Mainers Warned Of Tick-Borne Illness That’s Not Lyme
Maine is seeing an increase in a tick-borne illness that's not Lyme Disease and health officials are warning to take precautions.
It's common for people to think that the danger for Lyme Disease and other tick-borne illnesses is over once the weather starts getting chilly. But the truth is, those ticks are hungry and fattening themselves up for the coming winter, and so Maine sees a surge in tick bites every Autumn.
And when a deer tick bites, the first thing we think of is Lyme Disease because it's incredibly common in our state. But another serious illness is caused by the same tick and officials say they're seeing it more and more.

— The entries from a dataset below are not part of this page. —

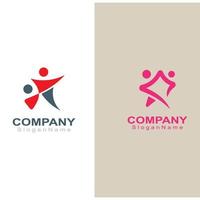 logotipo de pessoas de liderança design de arte vetorial do logotipo moderno de sucesso de conceito de pessoas estrela vetor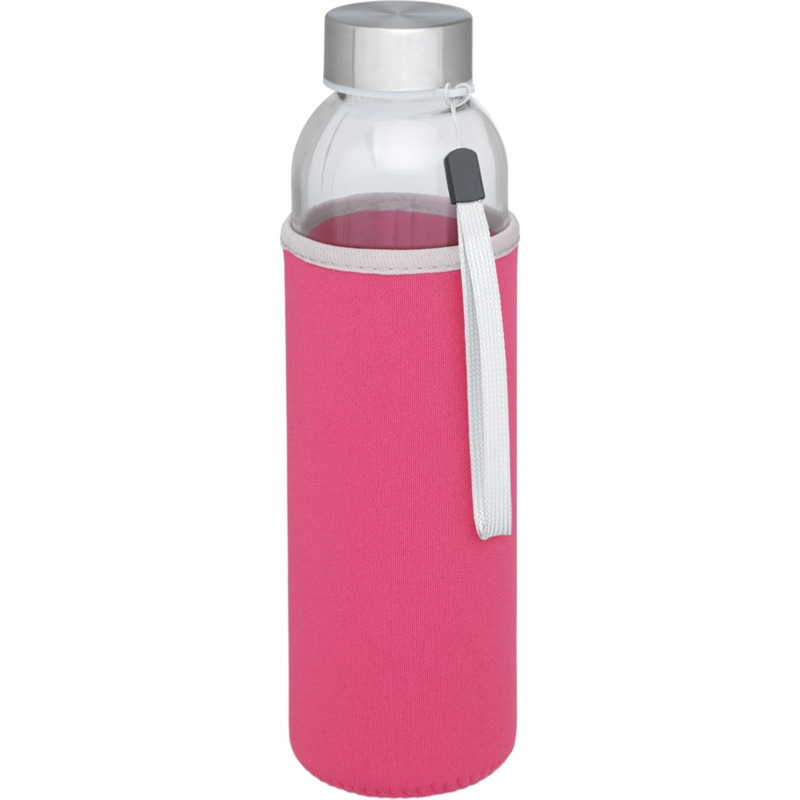 Glazen waterfles-drinkfles met roze softshell bescherm hoes 500 ml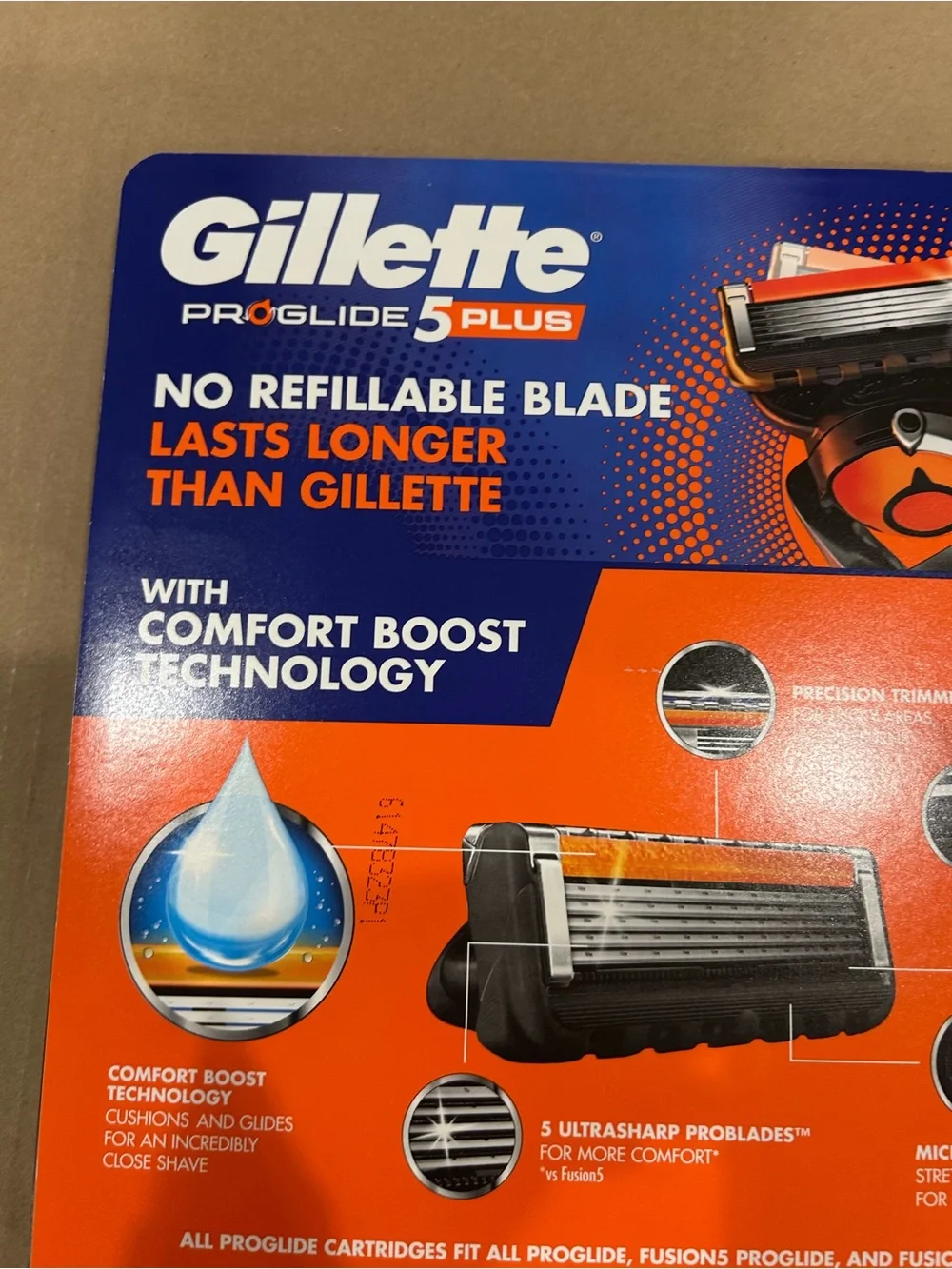 Gillette ProGlide 5 Plus Replacement Cartridges - Blue & Orange (16 Pack) sealed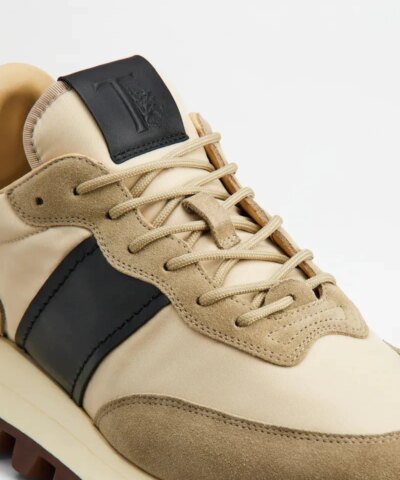 Tod's Men's Sneakers 1T In Suede And Fabric - Beige, Black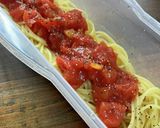 簡単レンジでトマトサラスパ　塩分2g以下作り方4写真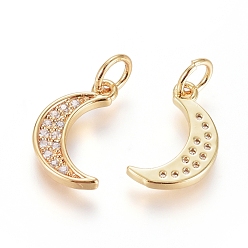 Real 18K Gold Plated Brass Micro Pave Cubic Zirconia Pendants, with Jump Ring, Long-Lasting Plated, Moon, Clear, Real 18K Gold Plated, 13x7.5x1.5mm, Hole: 3.5mm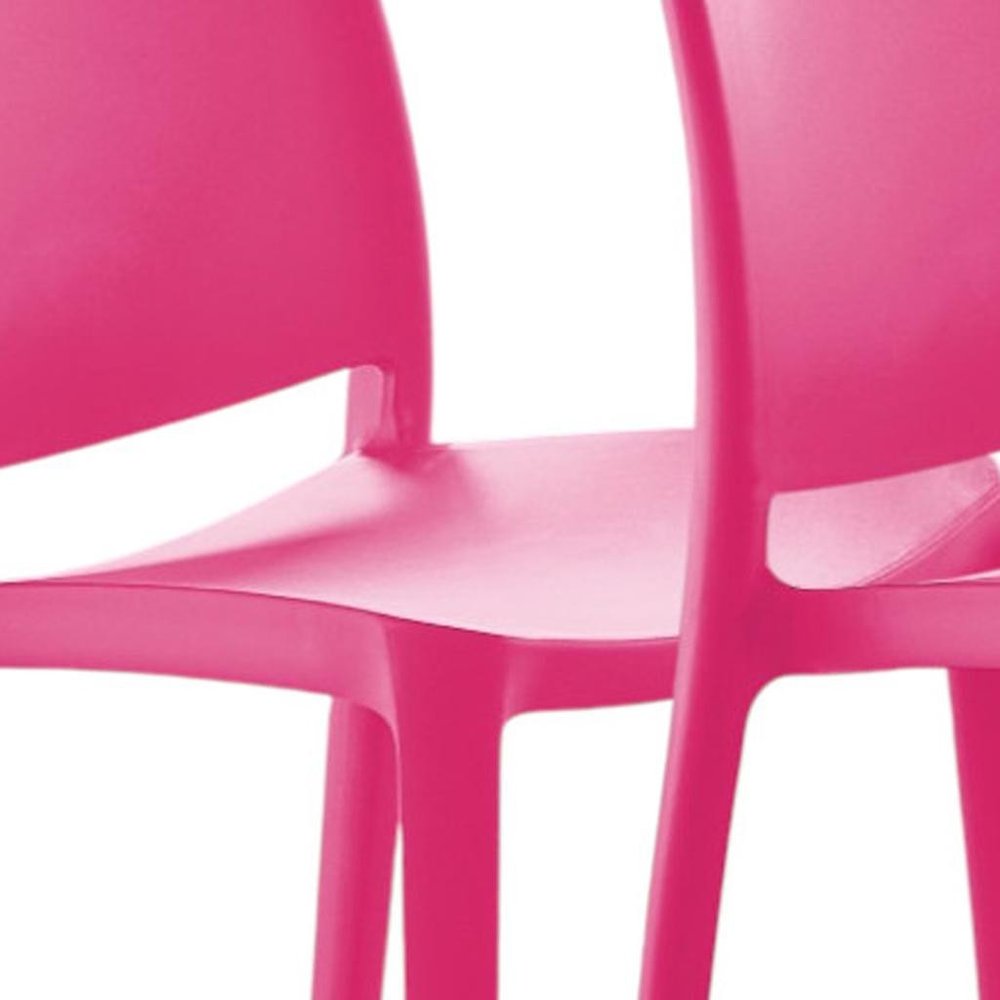 Set of Four Fuchsia Heavy Duty Plastic Outdoor Stacking Dining Chairs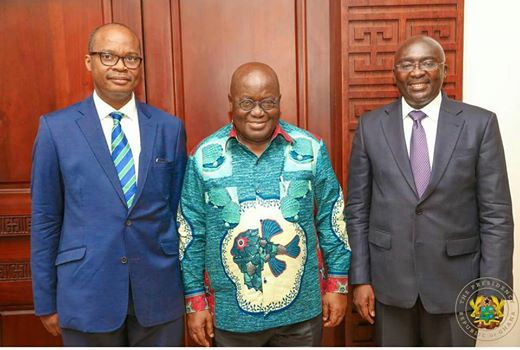 President Akufo-Addo with the new BoG Governor and Dr Bawumia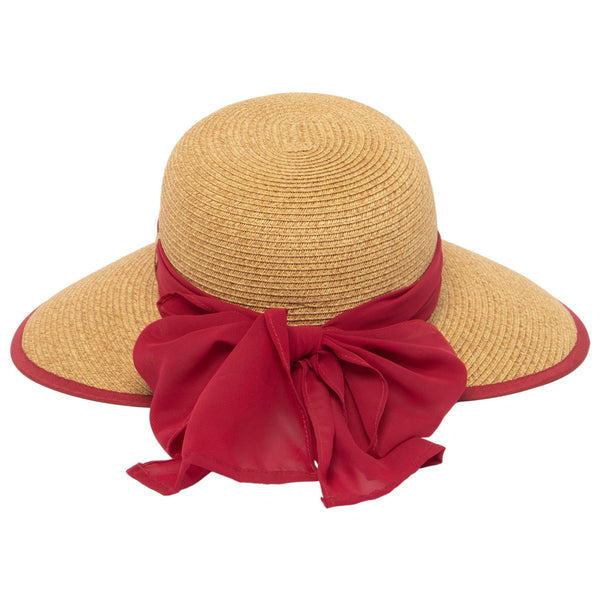 San Diego Hat Company Brunch Date - Ultrabraid Face Saver With Chiffon Tie Red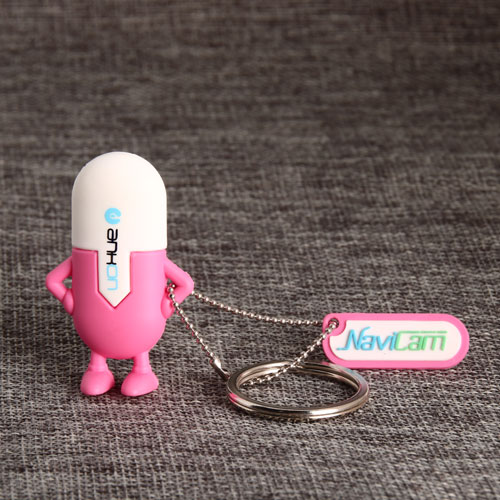 11. Pink Capsule PVC Keychain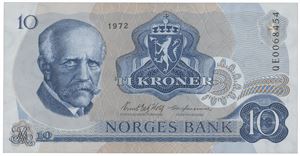 10 kroner 1972. QE0068454. Erstatningsseddel.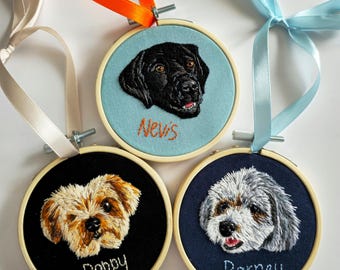 Hand Embroidered Pet Portrait Hanging: Custom Dog or Cat Keepsake
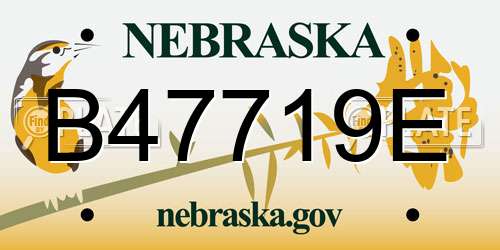 B47719E Nebraska License Plate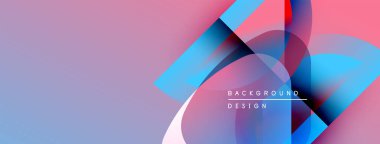 Soyut geometrik şekiller örtüşüyor, canlı renk eğimleri yaratıyor. Yumuşak mor karışımlar pembe, mavi aksanlar sunar modern tasarım.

Anaplasmosis has initial symptoms much like Lyme; headache, fever, chills, and muscle aches. The Maine Center for Disease Control says these symptoms usually occur within one to two weeks after a tick bite. The severity of the symptoms, much like Lyme, will be complicated by any compromises in the patient's immune system.
So it's important to be aware, even when you're layering up because of colder temperatures, to take precautions against tick bites. Wear repellent if you're going into the woods or tall grass. Tuck your pants into your boots. And, when you get home, do a complete tick check, removing any you may find. If it's a deer tick, you may want to start watching for symptoms, or go to your doctor for a blood test. If you're not sure what kind of tick it is, you can send it to the University of Maine's Tick Lab and they'll identify it for you, at no charge.